With a ringing, percussive piano style and a rousing command of the beat, McCann always amounted to more than one breakout hit could encapsulate. The grit and grease in his playing, informed by his early experience in the gospel church, helped establish the subgenre known as soul jazz. That sound is already fully present on an album he recorded live in 1961, Les McCann Ltd. Plays the Shampoo at The Village Gate. (Along with "The Shampoo," an early hit, it includes McCann originals titled "Someone Stole My Chitlins" and "Filet of Soul.")
The urge to move his audiences extended to a new sonic palette when McCann embraced electric pianos and synthesizers — notably on the 1972 album Invitation to Openness, which features Yusef Lateef on assorted reeds and flutes, and Cornell Dupree on electric guitar. His subsequent albums with Atlantic, often incorporating synths and clavinet, formed the basis for his popularity as a sample source for hip-hop producers.
Leslie Coleman McCann was born on Sept. 23, 1935, in Lexington, Ky. His father, James, worked at the Lexington Water Company; his mother, Anna, was a homemaker who took occasional housekeeping jobs. He was one of six children, with four brothers and a sister. "​​Everybody was in a position of doing the best they could with whatever," he recalled in a 2015 interview with Red Bull Music Academy. "We never thought of ourselves as being poor."

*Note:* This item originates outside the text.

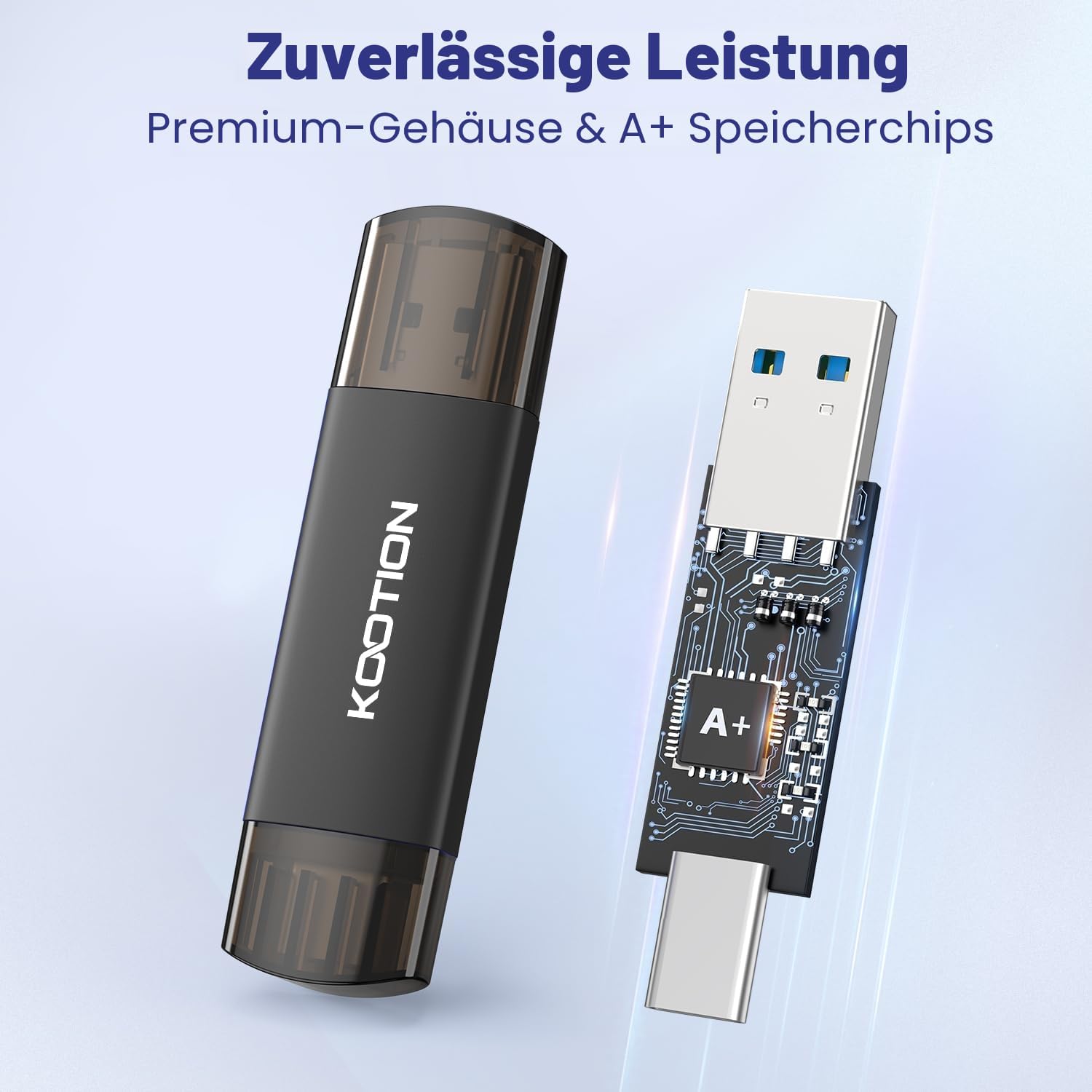 Detalle de KOOTION USB Stick 256GB USB-C OTG 3.0 2-in-1 Speicherstick – 256 Gbyte für PC/Laptop und Typ-C Geräte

Still, McCann grew up with limited resources, and was almost entirely self-taught as a pianist. He played sousaphone and drums in his high school marching band, and enlisted in the U.S. Navy at age 17. He often told a story about hearing Erroll Garner's recording of "Lullaby of Birdland" during his service, and having the sudden realization that the piano was his calling. But while stationed in the San Francisco Bay Area, he won a talent contest as a vocalist — an accolade that landed him an appearance on The Ed Sullivan Show in 1956.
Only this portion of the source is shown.